## Activity
Repeat exactly the lines of the listing below, please, starting with the first and ending with the line containing "2Pcs 2 Styles"; leave out the rest.

## Extracted material

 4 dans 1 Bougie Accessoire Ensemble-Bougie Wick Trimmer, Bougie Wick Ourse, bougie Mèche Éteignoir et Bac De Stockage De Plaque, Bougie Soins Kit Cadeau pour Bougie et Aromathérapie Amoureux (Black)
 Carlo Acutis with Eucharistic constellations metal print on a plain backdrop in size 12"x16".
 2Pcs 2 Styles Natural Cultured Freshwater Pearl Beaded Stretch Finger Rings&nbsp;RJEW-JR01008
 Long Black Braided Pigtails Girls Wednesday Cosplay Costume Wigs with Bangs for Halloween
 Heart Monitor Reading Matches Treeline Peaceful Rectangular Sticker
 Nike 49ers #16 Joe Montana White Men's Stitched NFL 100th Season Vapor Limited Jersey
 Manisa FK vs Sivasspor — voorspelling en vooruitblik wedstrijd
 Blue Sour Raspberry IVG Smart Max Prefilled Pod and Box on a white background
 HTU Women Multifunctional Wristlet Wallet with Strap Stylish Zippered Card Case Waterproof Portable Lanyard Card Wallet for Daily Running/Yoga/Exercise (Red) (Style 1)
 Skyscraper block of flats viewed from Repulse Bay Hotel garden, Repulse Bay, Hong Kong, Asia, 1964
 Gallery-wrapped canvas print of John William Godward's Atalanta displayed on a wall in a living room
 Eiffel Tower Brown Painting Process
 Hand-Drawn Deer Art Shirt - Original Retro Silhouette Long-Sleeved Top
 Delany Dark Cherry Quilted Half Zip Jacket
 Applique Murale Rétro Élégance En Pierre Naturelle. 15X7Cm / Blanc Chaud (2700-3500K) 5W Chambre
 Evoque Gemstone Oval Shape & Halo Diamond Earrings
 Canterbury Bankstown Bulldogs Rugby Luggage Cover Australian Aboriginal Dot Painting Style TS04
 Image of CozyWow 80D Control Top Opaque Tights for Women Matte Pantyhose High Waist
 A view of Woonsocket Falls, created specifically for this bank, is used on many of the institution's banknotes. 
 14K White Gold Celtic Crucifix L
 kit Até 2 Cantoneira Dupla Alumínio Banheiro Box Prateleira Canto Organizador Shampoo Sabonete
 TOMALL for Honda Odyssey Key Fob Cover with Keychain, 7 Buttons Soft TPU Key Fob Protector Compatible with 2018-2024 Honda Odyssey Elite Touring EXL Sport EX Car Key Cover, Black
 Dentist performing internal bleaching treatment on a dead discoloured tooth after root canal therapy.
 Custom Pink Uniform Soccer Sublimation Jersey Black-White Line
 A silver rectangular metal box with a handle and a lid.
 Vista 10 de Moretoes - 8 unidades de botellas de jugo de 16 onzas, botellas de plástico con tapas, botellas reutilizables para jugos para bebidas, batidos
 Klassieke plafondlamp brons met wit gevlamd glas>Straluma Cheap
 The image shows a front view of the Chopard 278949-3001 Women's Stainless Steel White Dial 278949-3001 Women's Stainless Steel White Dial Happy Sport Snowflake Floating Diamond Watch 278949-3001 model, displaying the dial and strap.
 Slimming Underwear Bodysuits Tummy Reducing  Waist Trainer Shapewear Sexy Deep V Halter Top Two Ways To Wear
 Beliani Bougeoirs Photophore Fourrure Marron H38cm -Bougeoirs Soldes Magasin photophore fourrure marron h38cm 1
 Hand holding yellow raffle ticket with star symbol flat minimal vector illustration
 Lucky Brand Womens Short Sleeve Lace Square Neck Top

## Written response
 4 dans 1 Bougie Accessoire Ensemble-Bougie Wick Trimmer, Bougie Wick Ourse, bougie Mèche Éteignoir et Bac De Stockage De Plaque, Bougie Soins Kit Cadeau pour Bougie et Aromathérapie Amoureux (Black)
 Carlo Acutis with Eucharistic constellations metal print on a plain backdrop in size 12"x16".
 2Pcs 2 Styles Natural Cultured Freshwater Pearl Beaded Stretch Finger Rings&nbsp;RJEW-JR01008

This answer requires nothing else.